- Born: Cali, Colombia
- Occupation: Jurist
- Title: Chairman of the Investigatory Chamber of the FIFA Ethics Committee
- Term: 2017-
- Predecessor: Cornel Borbély

= María Claudia Rojas =

Colombian jurist

María Claudia Rojas Lasso is a Colombian jurist who serves as chairman of the Investigative Chamber of the FIFA Ethics Committee since 11 May 2017. From January 2014 to March 2015, she was the judge of the country's highest administrative court as President of the Council of State of Colombia. She is a specialist in bioethics and an expert in analysis and conflict resolution and graduated in international tax law.

==Career==
Rojas completed her law studies at the University of San Buenaventura (USB) in Cali in 1978 and specialized in conflict analysis and its resolution at the Nueva Granada Military University in 1996 and in international tax law at the Universidad Externado de Colombia in 2008.
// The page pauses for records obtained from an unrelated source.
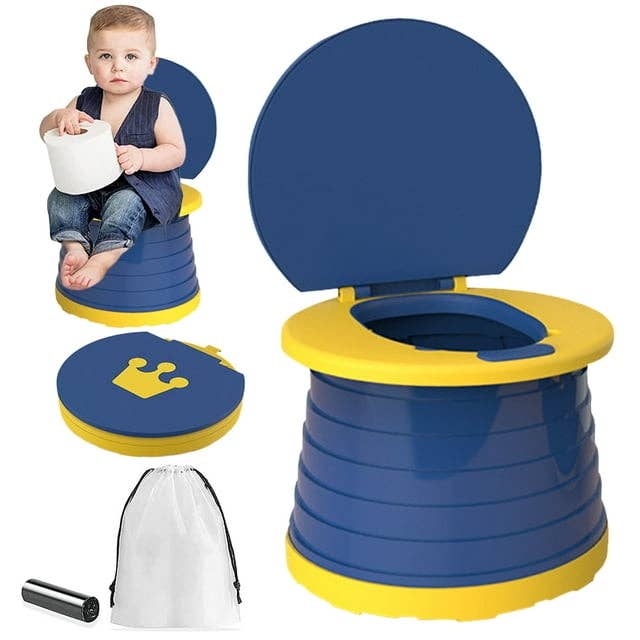 child sitting on blue collapsable toilet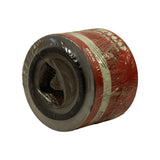 Three-quarter view of filter on its side showing cylindrical form. One open end facing camera reveals pleated paper element and wire mesh inner core. Red Ryco branding visible on side. A1412 partial text visible on label band at bottom.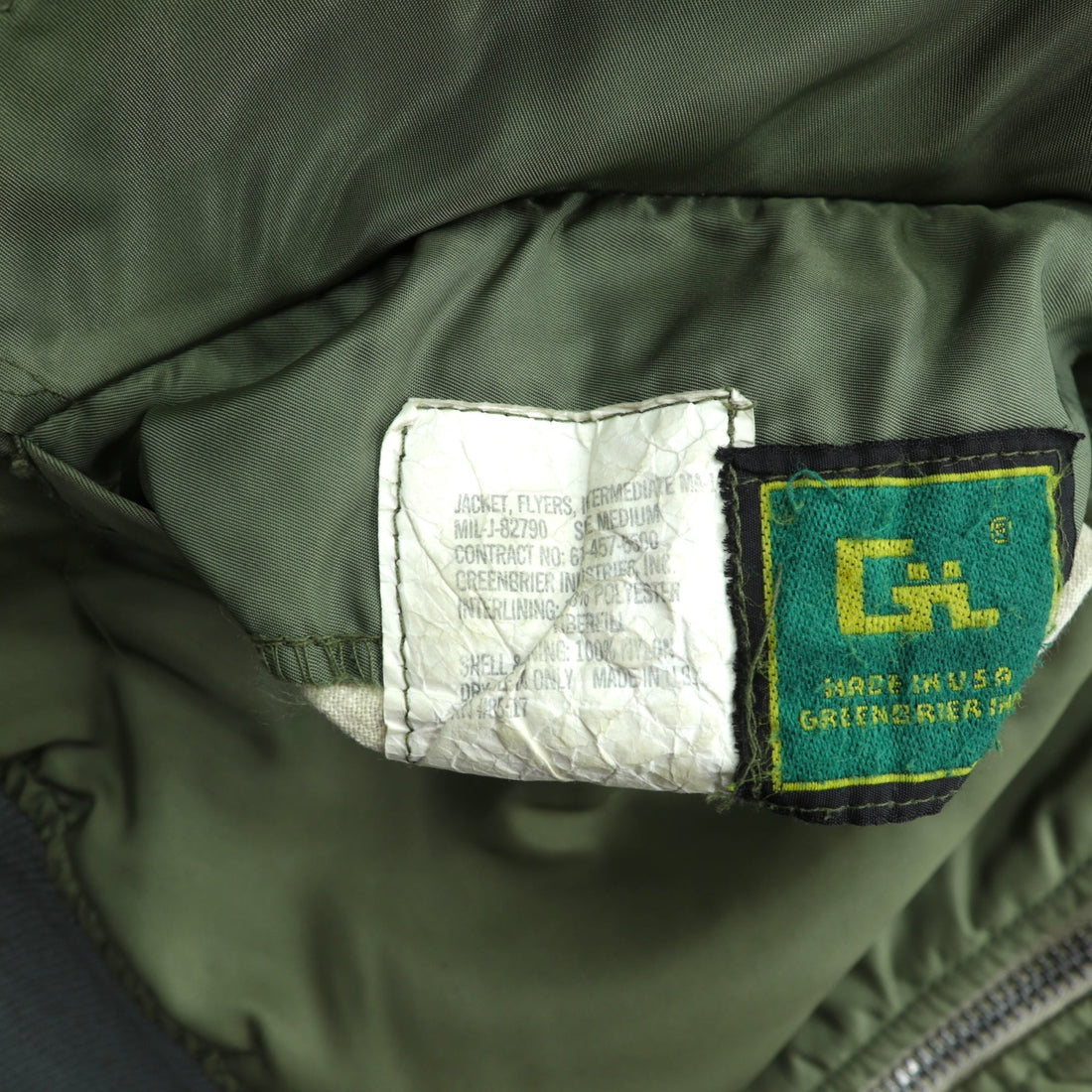 US Military 90s Vintage MA-1 Flight Jacket GREENBRIER Made in USA, Khaki Padded, Reversible, EMAR Zip, MIL-J-8279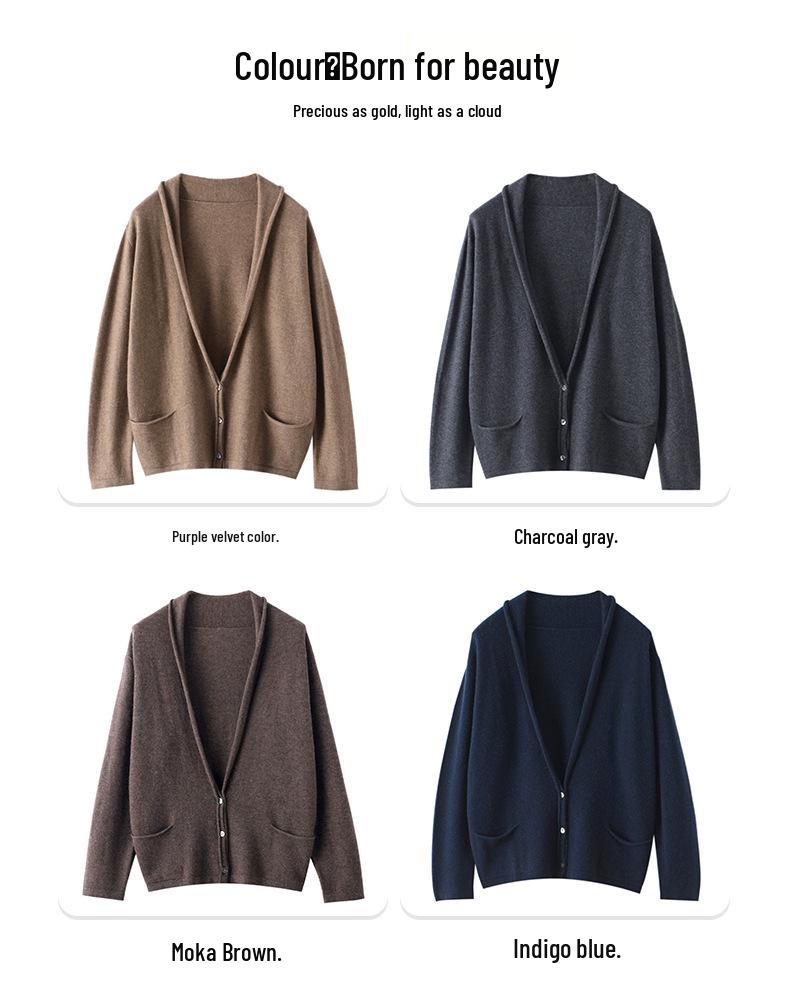 Le Kasha Women's 2026 V-neck Cashmere Cardigan - Korean Style, Autumn/Winter, Loose Fit, Buttoned Coat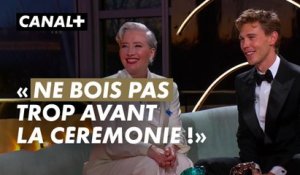 Le tuto BAFTAs d'Emma Thompson pour Austin Butler - BAFTAs 2023 - Canal+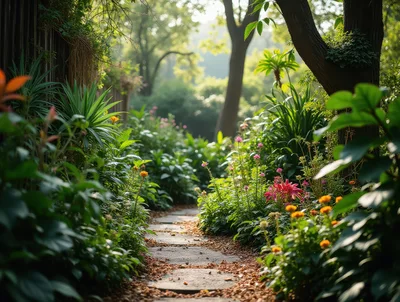 Stone Pathway Through A Lush Sunlit Garden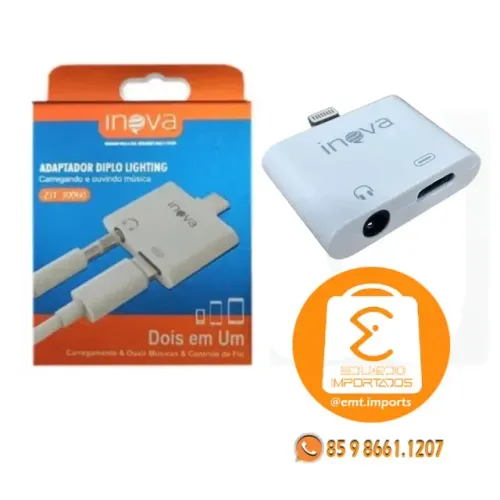 Adaptador Duplo Lightning Áudio e Carregador INOVA ZJT-30060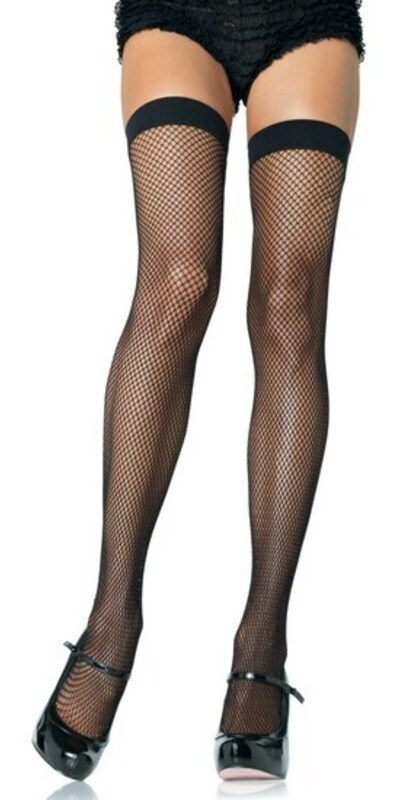 LEG AVENUE NYLON Meias de rede pequenas pretas, ajustáveis, em poliamida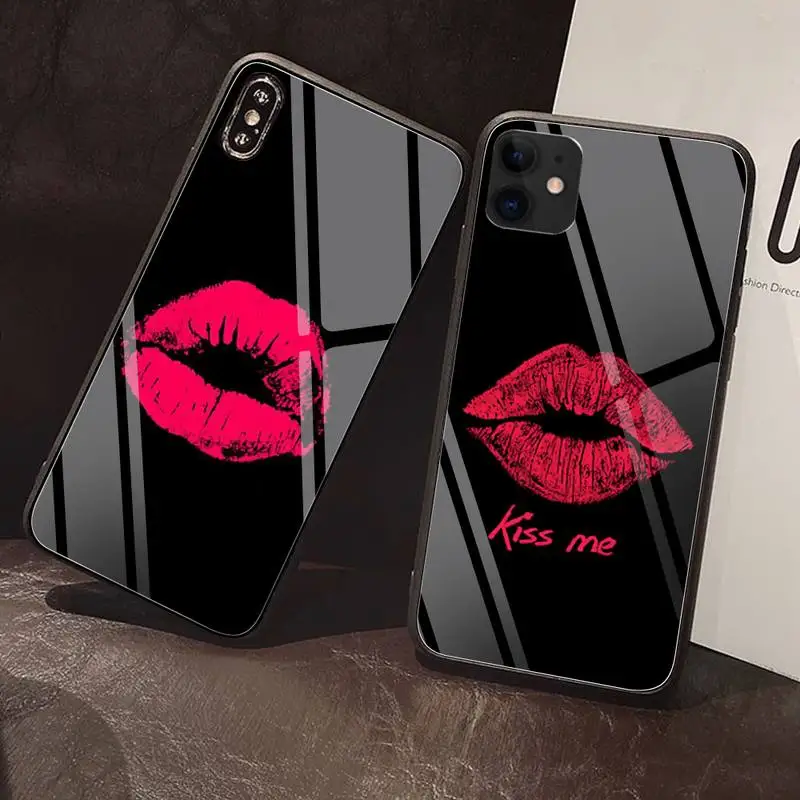 

For iPhone 13 Sexy Girl red Lips Kiss Phone Case Tempered Glass For iPhone 12 11 13 Pro Max Mini XR XS MAX 8 X 7 6 Plus SE case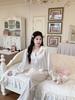 Ice Silk Pajamas for Women 1011 New Palace Style Long Sleeve and Long Pants Homewear Set Korean Sweet Style Loose Fit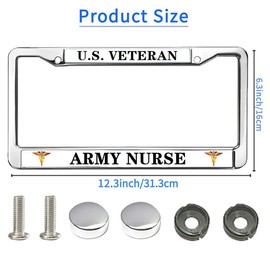Army Nurse US Veteran License Plate Frame Slim US Army Nurse Heroism Easy Installation License Plate Frame US Army Heroism License Plate Frame for Family Members
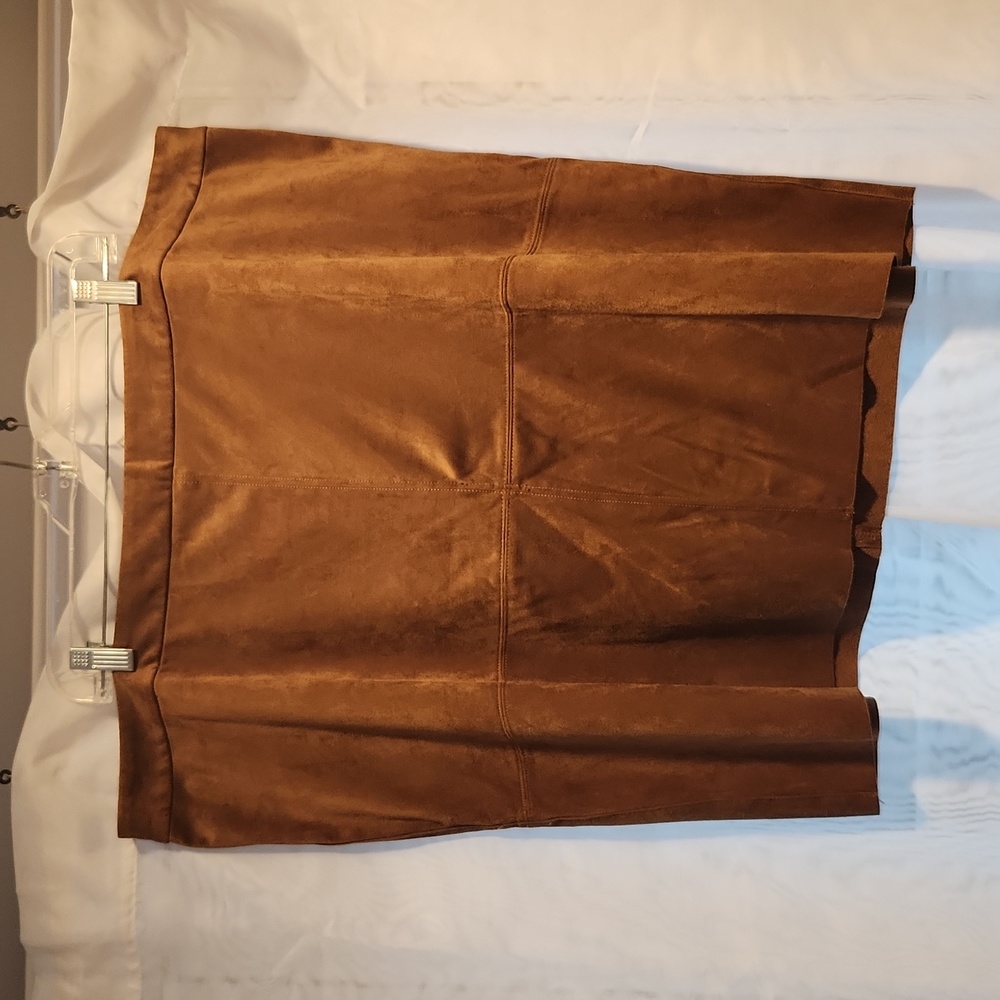 Alfani faux suede skirt in warm brown color.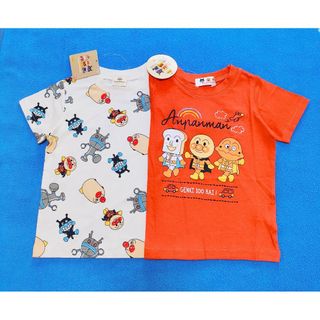 アンパンマン(アンパンマン)の新品　100cm　アンパンマン　男の子半袖Ｔシャツ2枚セット　ヒーロー×D総柄(Tシャツ/カットソー)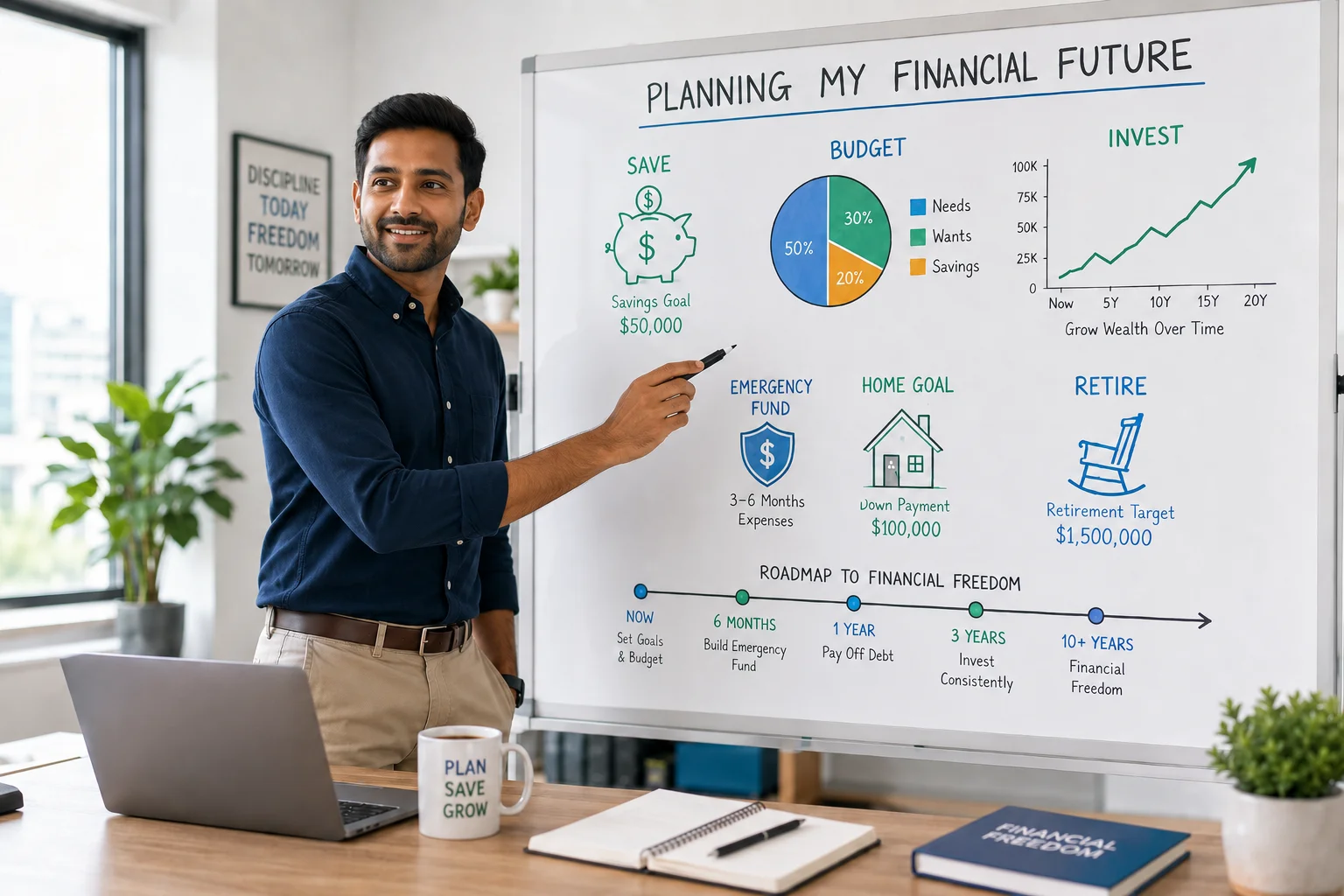 A man presenting a financial planning strategy with charts and diagrams on a whiteboard, highlighting savings goals, budget allocation, and investment options.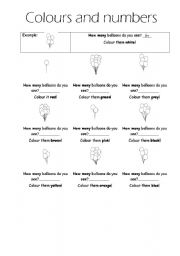 English worksheet: Colours & Numbers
Rojas has 25 years of professional experience in the judiciary in her country. As a lawyer, she gained extensive expertise as a litigator, was head of the legal department of the Instituto de Seguros Sociales (ISS) in Cali, head of the administration of the Corporación Autonoma Regional del Valle del Cauca and judicial director at Procomún. Rojas was head of the administration of the Regional Autonomous Society of the Valle del Cauca Department and was an assessor in the State Council in Bogotá for seven years until 2001 before she became its president. Rojas taught constitutional law at the USB in Cali and declared herself a "great defender of the environment". Her professional endeavors are aimed at restoring the confidence of the Colombian people in the country's judiciary.

==Other work==
Rojas wrote several books, including "Protection against judicial decisions in the case law of the constitutional court" (La tutela contra providencias judiciales en la jurisprudencia de la Corte Constitucional), "Constitutional control in Colombia" (Control Constitucional en Colombia) and "Legal effects of transsexualism" (Implicaciones Jurídicas del Transexualismo ). She won first prize in a national competition organized by the Asociación Nacional de Instituciones Financieras (ANIF) with the thesis "The Review of the Constitution in Colombia" (Del control constitucional en Colombia).

On 11 May 2017, Rojas was elected as Chairman of the Investigative Chamber of the FIFA Ethics Committee at the FIFA Congress in Manama, Bahrain succeeding Cornel Borbély as Chief Investigator.